Picture a swarm of large, crusty, flying things impacting the front of the car at 100 km/h. Now imagine the same scenario piloting a motorcycle. I passed through such a swarm just as I was passing a clutch of motorcycles and I felt so sorry for the poor bastards riding next to me. Better still, listen to what I had to say on the subject: bugs and buzzards.

Having said all this, there is a point I was going to make, above and beyond just pointing to the little bits I've left out of my postings and why they've been left behind. A funny thing happened on the way to Fredericton. Actually, lots of funny things happened and there were interesting things, and arresting things, and poignant things. They were the kind of things that made me stop and ponder my place in the world. If I wrote about all those things I'd be writing all day, and you, the reader, wouldn't have time for it all. So I'll leave them for another day, another forum, and when I can, when I feel it just can't wait, I'll pop one into these writings. Oh, and I have more recordings where the bugs and buzzards came from.

rail trestle
Heading back along the Sleeping Giant the fog set in for good. Not far from here I had my first bear sighting since B.C.
June 18, 2006

847 kilometres travelled today. The high temperature was 24c and the low was 11c.
It was a rather uneventful day of travel today. I made some audio notes along the way, but I'm not sure I want to go to the car to get my voice recorder. Lazy. The mosquitoes are pretty nasty too.
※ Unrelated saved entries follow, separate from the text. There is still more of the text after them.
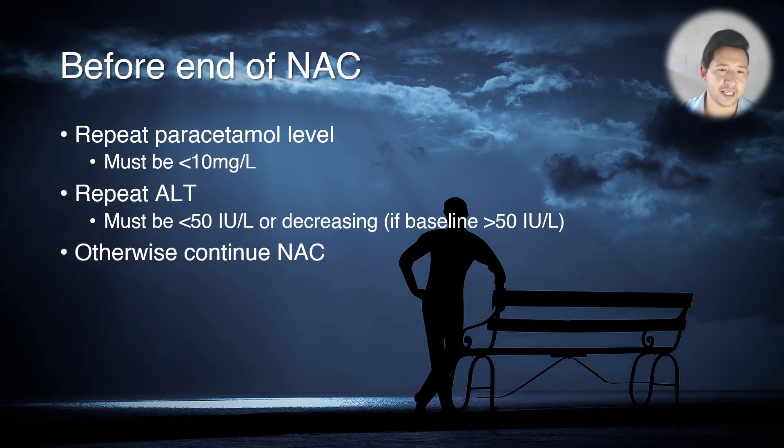You also repeat the ALT, and that has to be less than 50 or decreasing if it was elevated. If you fail to meet either of those criteria then you need to continue NAC. The reason for this is that people who have taken modified release paracetamol overdoses have historically not done quite as well as people who have taken immediate release paracetamol.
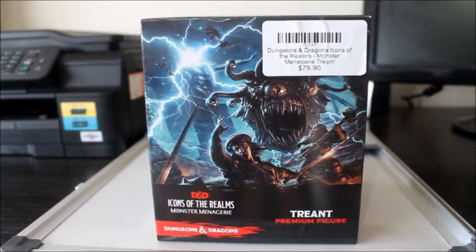Hi there, welcome to How to D&D. My name's Fred Wheeler and I'm going to review the new Trent Miniature by WizKids. The Trent Miniature was created for the Dungeons and Dragons roleplay game. It is part of the Icon of the Realm Monster Menagerie series. It can be purchased on Amazon online for $49 American dollars, or if you're in New Zealand you can purchase it from a game store for about $79.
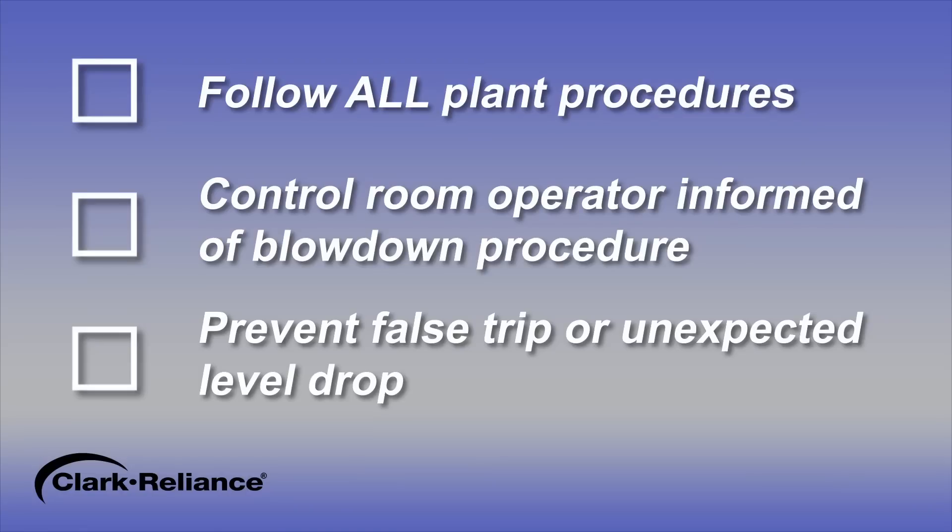Be sure that all plant procedures have been followed and the control room operator is aware that a blowdown of the level instrument is about to take place. This will prevent any false trip of the boiler or unexpected drop in level indication for the primary control operator.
I'm tired tonight. It was another long day of driving and I'm spent. Fuck it, I'll go get the recorder. But first, today's playlist: Bruce Springsteen, The River disk one; Phil Collins, Face Value; James Blunt, Back to Bedlam; Jack Johnson, In Between Dreams; Crash Test Dummies, Give Yourself a Hand; Gordon Lightfoot, Greatest Hits; Murray McLaughlin, Gulliver's Taxi; Collective Soul, Disciplined Breakdown.
Wawa you sort of have to take a picture
The giant Canada Goose at Wawa, Ontario. How can you not stop to take a photo?
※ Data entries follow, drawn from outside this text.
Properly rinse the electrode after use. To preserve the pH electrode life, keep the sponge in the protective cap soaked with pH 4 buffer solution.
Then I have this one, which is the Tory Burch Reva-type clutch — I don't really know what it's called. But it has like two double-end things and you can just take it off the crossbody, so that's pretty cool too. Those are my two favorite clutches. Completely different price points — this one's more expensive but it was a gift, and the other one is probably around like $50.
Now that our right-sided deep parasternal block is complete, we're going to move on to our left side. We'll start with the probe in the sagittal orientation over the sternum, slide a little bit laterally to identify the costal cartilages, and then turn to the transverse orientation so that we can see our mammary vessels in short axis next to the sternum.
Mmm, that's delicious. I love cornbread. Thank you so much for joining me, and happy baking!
I'm not sure when it happened, though I think it was when I left Lethbridge, I stopped listening to a cd more than once. I Had at least 70 or 80 cds with me and figured it would be a great opportunity to listen to them all. So I grabbed one of the three cases I had, started at the front, and worked my way back. No selection. No choice. Whatever was next in line got played. That's where the daily playlist fits in. It made for some interesting driving too. And serendipitous. While travelling the coast of Lake Superior near where the Edmund Fitzgerald sank in 1975 Gordon Lightfoot's ode to the wreck cycled through on the playlist. The fog was thick and the coincidence left me with chills.
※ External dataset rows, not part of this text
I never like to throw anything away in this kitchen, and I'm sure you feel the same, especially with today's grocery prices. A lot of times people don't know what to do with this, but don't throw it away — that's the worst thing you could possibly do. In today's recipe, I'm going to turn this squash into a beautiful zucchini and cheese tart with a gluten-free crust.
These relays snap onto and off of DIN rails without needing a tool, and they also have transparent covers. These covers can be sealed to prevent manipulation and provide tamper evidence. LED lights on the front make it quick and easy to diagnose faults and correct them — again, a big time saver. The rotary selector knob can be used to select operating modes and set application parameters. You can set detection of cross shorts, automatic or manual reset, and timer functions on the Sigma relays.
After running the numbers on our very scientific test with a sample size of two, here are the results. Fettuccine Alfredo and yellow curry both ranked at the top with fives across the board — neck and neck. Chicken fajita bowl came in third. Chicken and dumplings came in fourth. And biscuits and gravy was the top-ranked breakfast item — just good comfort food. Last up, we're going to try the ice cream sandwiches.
notes that might make sense:

-Ridiculously thick fog. Crawling along at 80 km/h looking for coffee on a Sunday morning in the middle of no where: "I hope there's someplace that has coffee. There better be ..." I haven't experienced sustained fog like this since I left the maritimes. Another reminder of where I'm heading.
-At a store with a moose painted on its side, in the parking lot, a replica of a natural stone spire which stands 25km back the way I've come. I didn't stop to see the real thing. Now I'm reduced to admiring, and I use that term loosely, a replica over reality. I'm so 21st century.
-I passed three Amish-looking men riding two horse-drawn carriages along the Trans Canada Highway. Odd.